ESTADÃO | A mudança feita no relatório do novo arcabouço fiscal para o limite de gastos em 2024 é complexa, mas pode levar a um menor crescimento real (acima da inflação) de despesas, segundo o economista-chefe da corretora Warren Rena, Felipe Salto. O texto-base foi aprovado na Câmara por 372 votos a 108.
Na sua avaliação, as outras alterações feitas pelo relator Cláudio Cajado (PP-BA) são positivas na direção de aprimorar os mecanismos de ajuste fiscal de médio prazo. Salto prevê que, com a exclusão da aplicação automática do limite superior do intervalo de crescimento de gastos (2,5% acima da inflação), o resultado poderá ser, na prática, uma taxa de variação real que se situará entre 1,1% e 2,5%.
“A aposta implícita nessa regra complexa, vale dizer, é que a dinâmica de receitas de 2024 deverá permitir uma maior expansão de gastos, que não estaria avalizada na presença apenas da regra geral contida no texto original do projeto”, diz.
Para ele, pode estar sendo criado um regra com um teor bastante “casuístico” para o primeiro ano de aplicação do arcabouço fiscal, com o objetivo prático de produzir uma taxa real de crescimento das despesas elevada, que possa se aproximar dos 2,5%.
Veja as mudanças aprovadas destacadas pelo economista da Warren, ex-secretário de Fazenda do Estado de São Paulo.
1. Fundeb
Os gastos da União referentes à complementação do Fundeb (fundo para a educação básica) continuam dentro do limite de gastos. A diferença é que o aumento já contratado do Fundeb para os próximos anos elevará o limite para gastar, permitindo que essa elevação não ocupe o espaço de outras despesas.
2. Bloqueio preventivo de investimentos
Possibilidade de contingenciamento (bloqueio preventivo de recursos) de investimentos. Abre-se uma exceção para as regras de contingenciamento. No caso de iminente rompimento da meta fiscal, os investimentos poderão ser cortados na mesma proporção que as demais despesas discricionárias (não obrigatórias, como investimentos e custeio da máquina pública). Esse mecanismo aumenta o grau de liberdade para ajustes nos gastos quando houver risco de romper a meta.
3. Reajuste dos investimentos
Artigo altera a proposta anterior, de correção dos investimentos pela inflação a partir do patamar do Orçamento de 2023. Agora, os investimentos terão de corresponder a 0,6% do PIB estimado no Projeto de Lei Orçamentária Anual (PLOA) para o respectivo ano.
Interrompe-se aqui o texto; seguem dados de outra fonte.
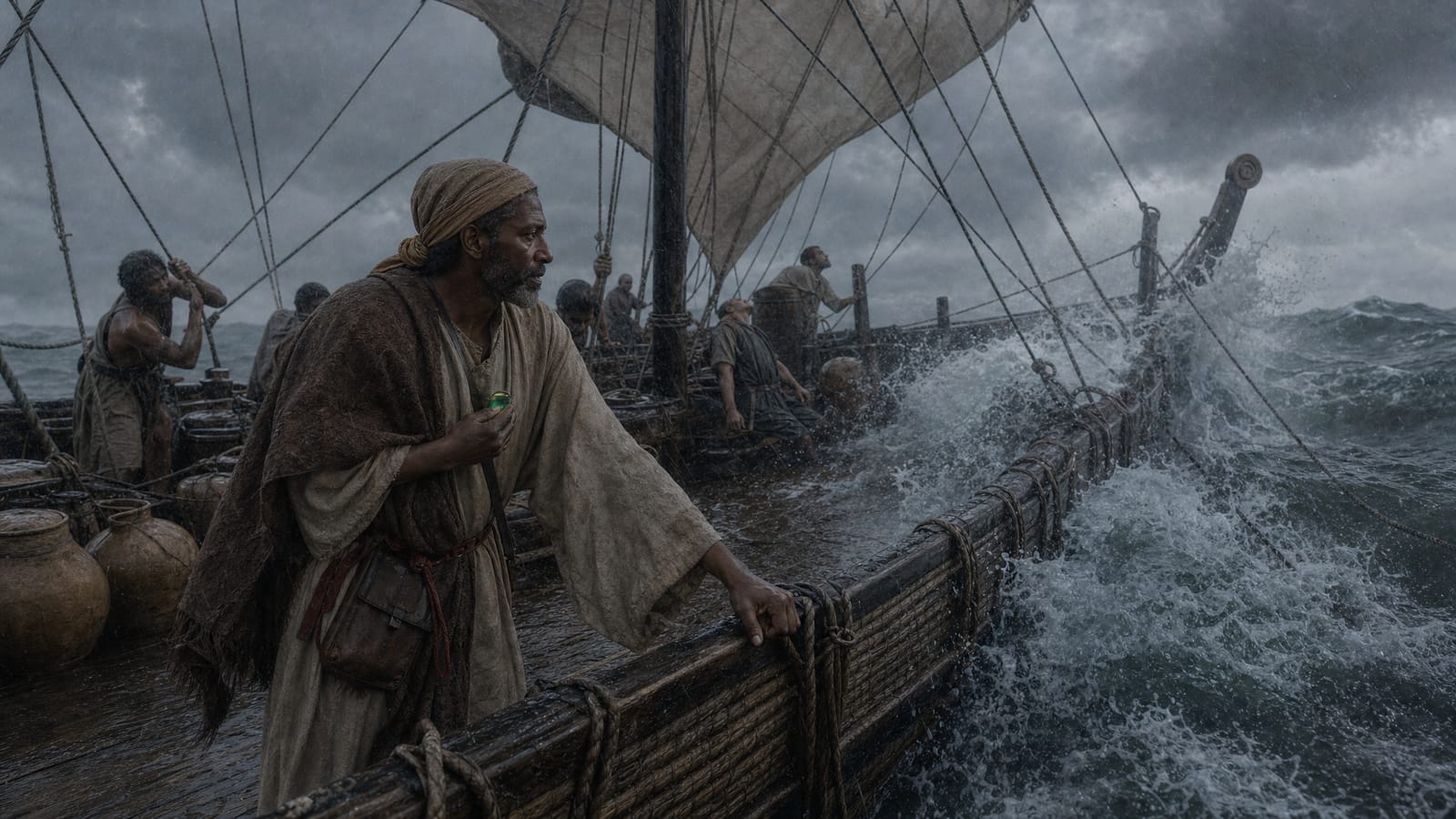 A robed traveler braces at the rail of a wooden ship in a storm.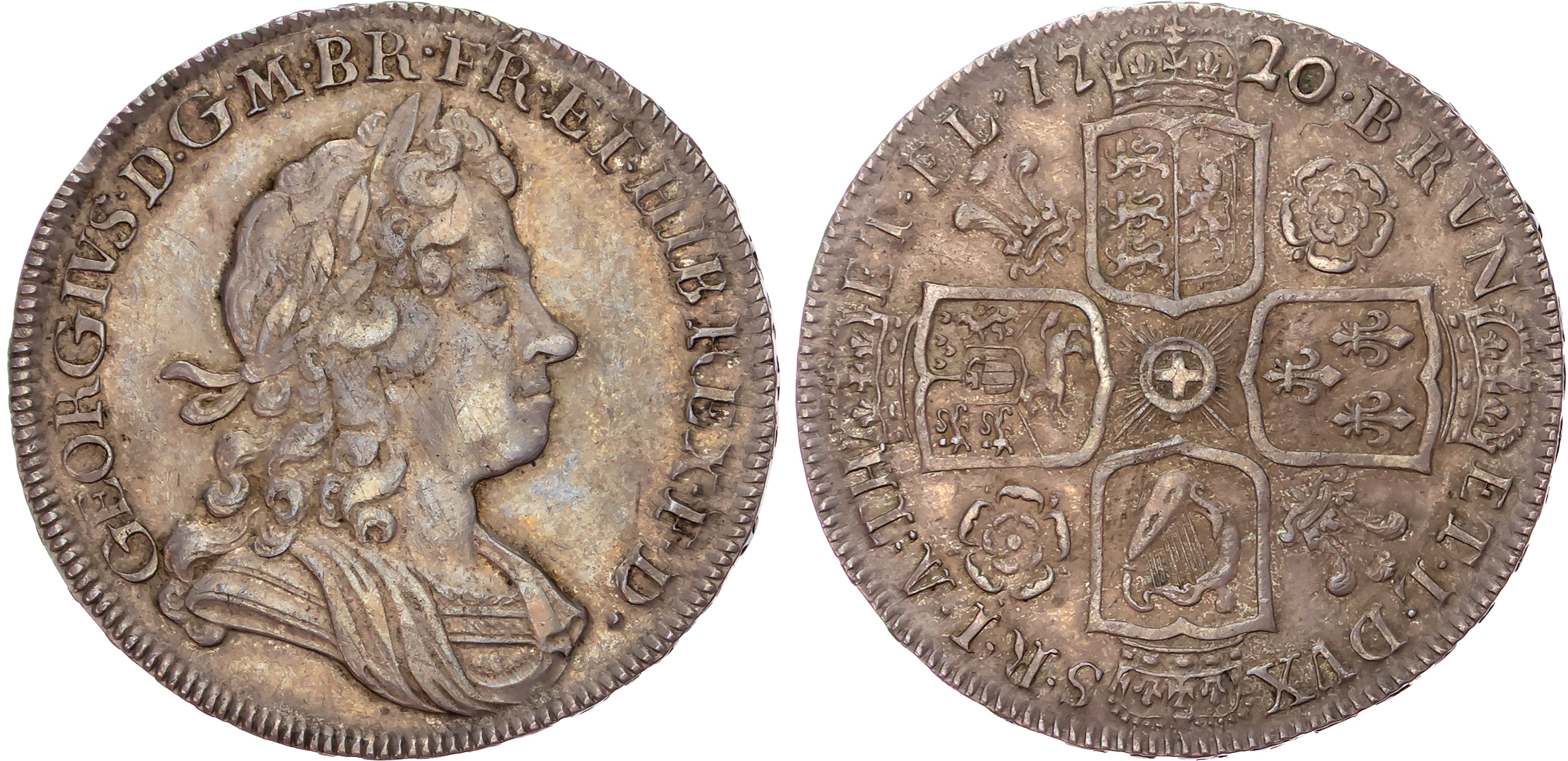 George I (1714-1727), AR Halfcrown, 1720/17, SEXTO, roses and plumes.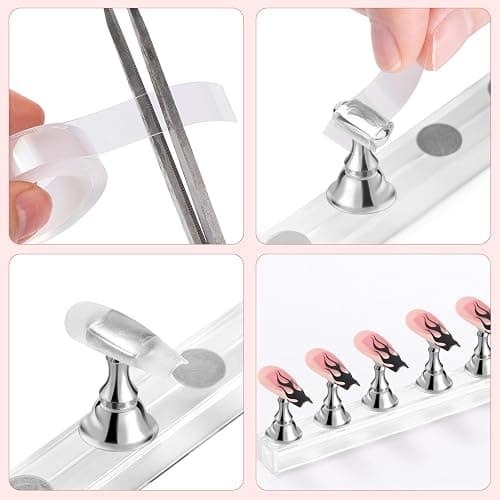Etercycle Nail Stand Acrylic Nail Art Display Stand Practice Nail Holder for Painting Nails Magnetic Practice Stands with Double-sided Tape For DIY Salon Supplies (Silver) thumbnail 4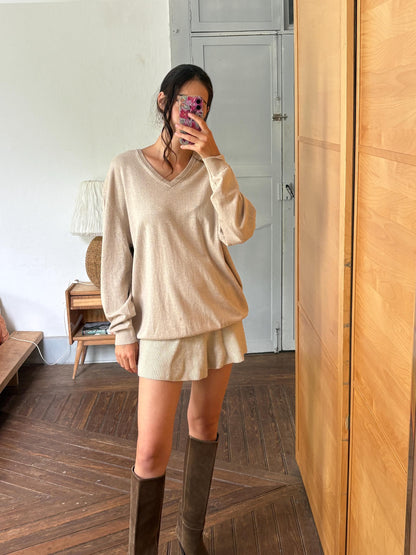 Luxe Beige Cotton Silk Cashmere Jumper | Men’s Oversized V-Neck Knit | Unisex Luxury Sweater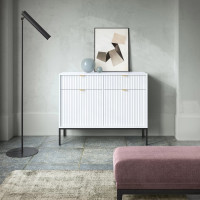 Комод з телескопічними напрямними Perfect Home Nova KSZ104 2D2S 104x63x39 Білий (чорні ніжки) (PFH-091216)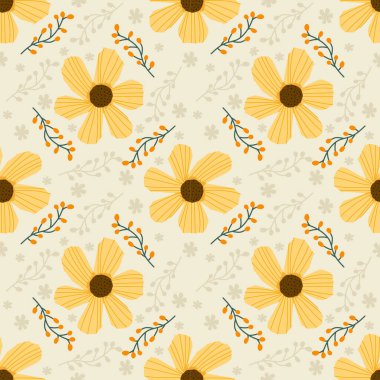 Sarı çiçekler bej bir arka planda pürüzsüz desen. Ayçiçeği vektörü İllüstrasyonu.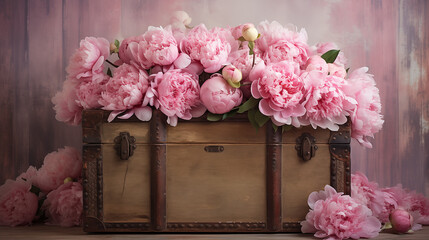 Peonies in a chest as a holiday card with copy space, Mother's Day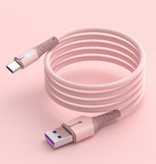 Uverbon Flüssiges Silikon-Ladekabel für USB-C - 5A-Datenkabel 1 Meter Ladekabel Pink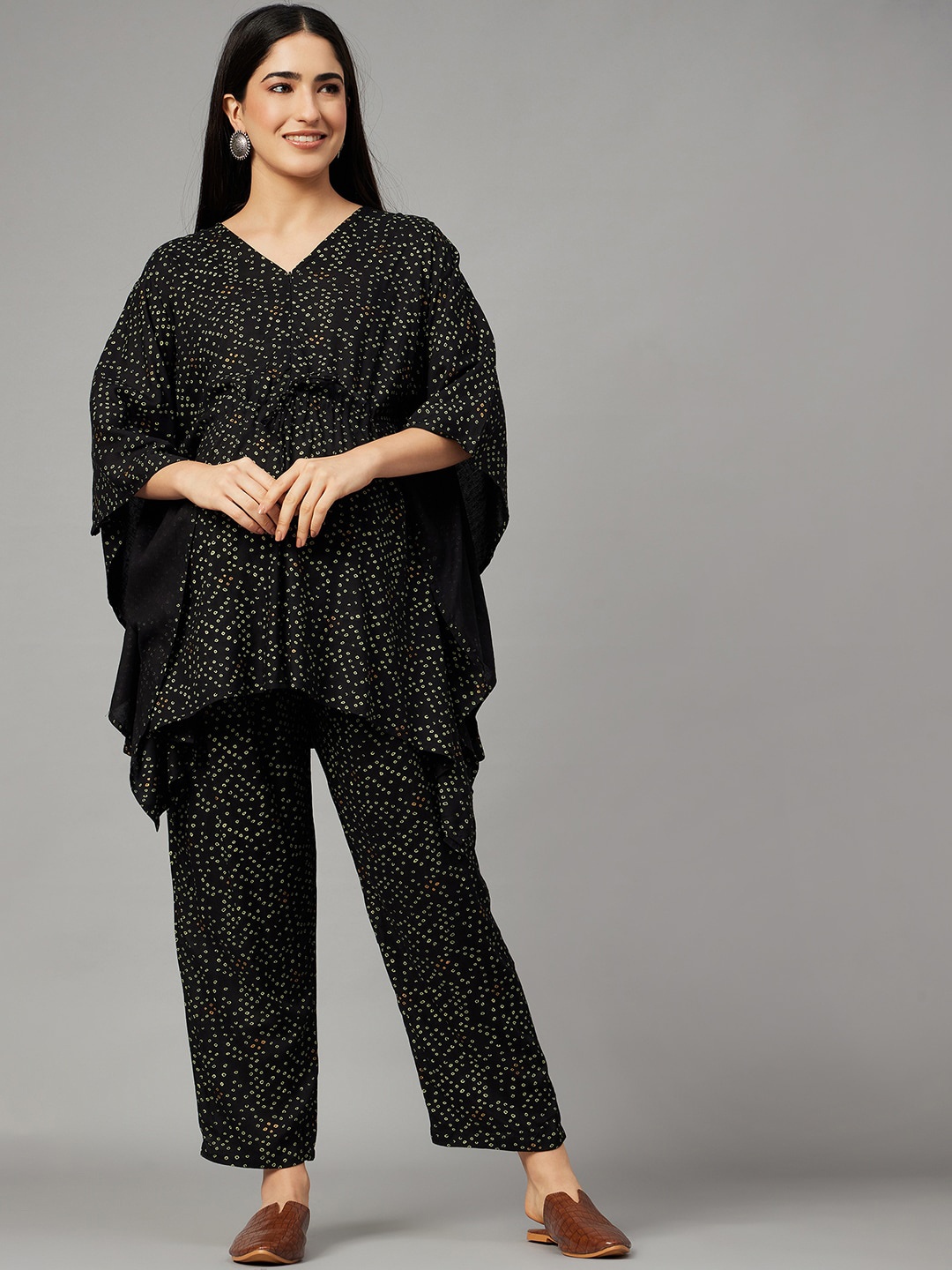 

Aaheli Printed Maternity Kaftan Top & Mid-Rise Trousers, Black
Pelos cálculos da equipe da Warren, a nova regra, quando comparada à anterior, abre R$ 14,9 bilhões nas despesas discricionárias, aumentando o espaço para fazer resultado primário (saldo entre receitas e despesas, tirando os juros da dívida) em relação a texto anterior. Isso porque o valor de 2023 equivaleria a cerca de R$ 78,8 bilhões. Já o 0,6% do PIB projetado representaria R$ 63,9 bilhões.
4. Regra de dívida
O texto aprovado obriga que, em maio, setembro e fevereiro, na apresentação dos resultados fiscais em Comissão, no Congresso Nacional, o ministro da Fazenda evidencie os números da dívida pública e o cumprimento da trajetória estipulada. O mesmo se aplica aos Estados.
5. Regra ‘antipedalada’
Dispositivo proíbe que, por meio da Lei de Diretrizes Orçamentárias, excluam-se despesas do cálculo da meta de resultado primário (receitas menos despesas, sem contar os juros da dívida). A prática já foi largamente usada no passado recente e colaborou para distorcer os mecanismos originais do sistema de metas de resultado primário adotado desde 1999 no Brasil. Essa regra foi apelidada pelo deputado Pedro Paulo (PSD-RJ) de “emenda antipedalada”, numa referência às manobras feitas no governo Dilma Rousseff para melhorar artificialmente o resultado das contas do governo.
6. Limite de gastos para 2024
A nova regra exclui a aplicação automática do topo do limite superior do crescimento de gastos (2,5% acima da inflação) em 2024, que permitia ao governo gastar mais na largada do arcabouço. Pela nova versão do texto, o governo poderá encaminhar ao Congresso o projeto de lei orçamentária de 2024, em agosto, fixando o crescimento das despesas a 70% da variação da receita no acumulado de 12 meses até junho deste ano, dentro do intervalo de 0,6% e 2,5% acima da inflação. Em maio de 2024, porém, o governo poderá aumentar o espaço para novas despesas com base numa projeção de aumento de receita até o fim do ano que vem em relação à arrecadação efetiva deste ano. A diferença, se positiva, poderá garantir espaço adicional para novas despesas por meio de crédito suplementar do Orçamento. Caso essa projeção não se realize, o governo terá que “devolver” o excedente no Orçamento de 2025.